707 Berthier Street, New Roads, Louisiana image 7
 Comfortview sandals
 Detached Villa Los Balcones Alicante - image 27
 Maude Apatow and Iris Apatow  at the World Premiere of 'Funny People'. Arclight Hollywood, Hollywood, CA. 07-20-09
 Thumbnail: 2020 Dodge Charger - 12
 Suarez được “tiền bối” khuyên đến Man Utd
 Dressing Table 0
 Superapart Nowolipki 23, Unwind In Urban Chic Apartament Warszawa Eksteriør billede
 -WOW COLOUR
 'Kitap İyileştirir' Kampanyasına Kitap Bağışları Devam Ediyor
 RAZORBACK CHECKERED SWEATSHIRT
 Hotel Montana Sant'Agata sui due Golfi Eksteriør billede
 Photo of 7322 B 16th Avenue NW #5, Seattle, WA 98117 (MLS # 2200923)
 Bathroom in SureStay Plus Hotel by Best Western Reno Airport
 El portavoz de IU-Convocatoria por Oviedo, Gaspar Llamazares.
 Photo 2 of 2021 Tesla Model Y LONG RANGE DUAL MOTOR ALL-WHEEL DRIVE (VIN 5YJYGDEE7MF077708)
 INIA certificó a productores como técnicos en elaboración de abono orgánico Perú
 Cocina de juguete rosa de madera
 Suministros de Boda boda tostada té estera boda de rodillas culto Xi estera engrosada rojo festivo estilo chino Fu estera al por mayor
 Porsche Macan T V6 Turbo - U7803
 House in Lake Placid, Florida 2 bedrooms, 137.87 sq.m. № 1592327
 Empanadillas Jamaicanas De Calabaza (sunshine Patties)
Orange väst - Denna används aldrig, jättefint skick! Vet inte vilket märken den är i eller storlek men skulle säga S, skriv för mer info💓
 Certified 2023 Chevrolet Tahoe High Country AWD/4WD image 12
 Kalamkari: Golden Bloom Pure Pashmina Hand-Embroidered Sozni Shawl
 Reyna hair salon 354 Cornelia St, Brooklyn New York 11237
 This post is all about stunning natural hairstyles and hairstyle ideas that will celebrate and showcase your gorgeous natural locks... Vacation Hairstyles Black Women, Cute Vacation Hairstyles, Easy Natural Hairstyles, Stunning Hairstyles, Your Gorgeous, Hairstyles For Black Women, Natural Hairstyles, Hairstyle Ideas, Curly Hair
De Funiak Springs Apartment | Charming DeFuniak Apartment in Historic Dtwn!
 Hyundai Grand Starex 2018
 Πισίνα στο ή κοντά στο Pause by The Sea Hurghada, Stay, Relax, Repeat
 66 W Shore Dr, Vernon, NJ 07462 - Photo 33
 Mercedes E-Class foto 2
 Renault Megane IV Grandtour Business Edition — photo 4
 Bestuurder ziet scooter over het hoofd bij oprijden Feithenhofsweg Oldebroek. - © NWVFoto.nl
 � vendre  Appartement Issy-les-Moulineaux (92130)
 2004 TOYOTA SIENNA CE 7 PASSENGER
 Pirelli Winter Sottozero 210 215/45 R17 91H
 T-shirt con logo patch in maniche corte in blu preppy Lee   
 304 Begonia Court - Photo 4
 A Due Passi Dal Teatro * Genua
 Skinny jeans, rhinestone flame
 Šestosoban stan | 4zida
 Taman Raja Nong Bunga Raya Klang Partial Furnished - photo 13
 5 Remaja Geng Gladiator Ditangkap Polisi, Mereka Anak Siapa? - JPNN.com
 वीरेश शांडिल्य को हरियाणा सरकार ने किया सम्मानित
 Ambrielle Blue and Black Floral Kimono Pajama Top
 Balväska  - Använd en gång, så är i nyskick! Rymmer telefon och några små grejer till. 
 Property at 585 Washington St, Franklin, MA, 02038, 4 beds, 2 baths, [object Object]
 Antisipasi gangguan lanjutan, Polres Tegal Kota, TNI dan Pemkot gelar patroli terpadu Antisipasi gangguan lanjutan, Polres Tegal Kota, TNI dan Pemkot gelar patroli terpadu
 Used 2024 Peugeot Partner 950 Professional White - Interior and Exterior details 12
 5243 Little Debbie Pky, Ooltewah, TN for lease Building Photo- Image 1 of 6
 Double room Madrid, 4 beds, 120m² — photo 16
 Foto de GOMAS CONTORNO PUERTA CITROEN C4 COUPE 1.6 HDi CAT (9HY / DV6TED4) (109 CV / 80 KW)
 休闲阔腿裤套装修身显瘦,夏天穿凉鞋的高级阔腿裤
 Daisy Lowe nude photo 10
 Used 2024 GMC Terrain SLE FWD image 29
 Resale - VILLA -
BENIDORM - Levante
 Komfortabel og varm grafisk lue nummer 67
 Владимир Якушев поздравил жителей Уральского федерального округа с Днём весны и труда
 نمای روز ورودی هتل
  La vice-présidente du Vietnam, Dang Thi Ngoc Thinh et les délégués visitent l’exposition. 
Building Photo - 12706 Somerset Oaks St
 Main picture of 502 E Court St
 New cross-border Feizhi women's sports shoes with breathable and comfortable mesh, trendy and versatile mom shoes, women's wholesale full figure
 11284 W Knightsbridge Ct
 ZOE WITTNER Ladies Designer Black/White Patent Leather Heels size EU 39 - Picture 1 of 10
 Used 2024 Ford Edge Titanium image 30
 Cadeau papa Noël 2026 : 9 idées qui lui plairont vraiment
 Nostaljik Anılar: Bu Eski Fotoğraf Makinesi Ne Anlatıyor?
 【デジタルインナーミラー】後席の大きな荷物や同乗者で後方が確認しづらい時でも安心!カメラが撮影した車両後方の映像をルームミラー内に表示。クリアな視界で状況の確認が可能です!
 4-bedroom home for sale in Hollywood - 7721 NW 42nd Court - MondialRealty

-*-*-

#### Goal of the exercise
The stretch of entries above that starts with the line containing "Pirelli Winter Sottozero 210 215/45 R17 91H" and goes on through the line containing "Šestosoban stan | 4zida" is to be transcribed exactly, and no other line is to be transcribed.

#### Exercise solution
 Pirelli Winter Sottozero 210 215/45 R17 91H
 T-shirt con logo patch in maniche corte in blu preppy Lee   
 304 Begonia Court - Photo 4
 A Due Passi Dal Teatro * Genua
 Skinny jeans, rhinestone flame
 Šestosoban stan | 4zida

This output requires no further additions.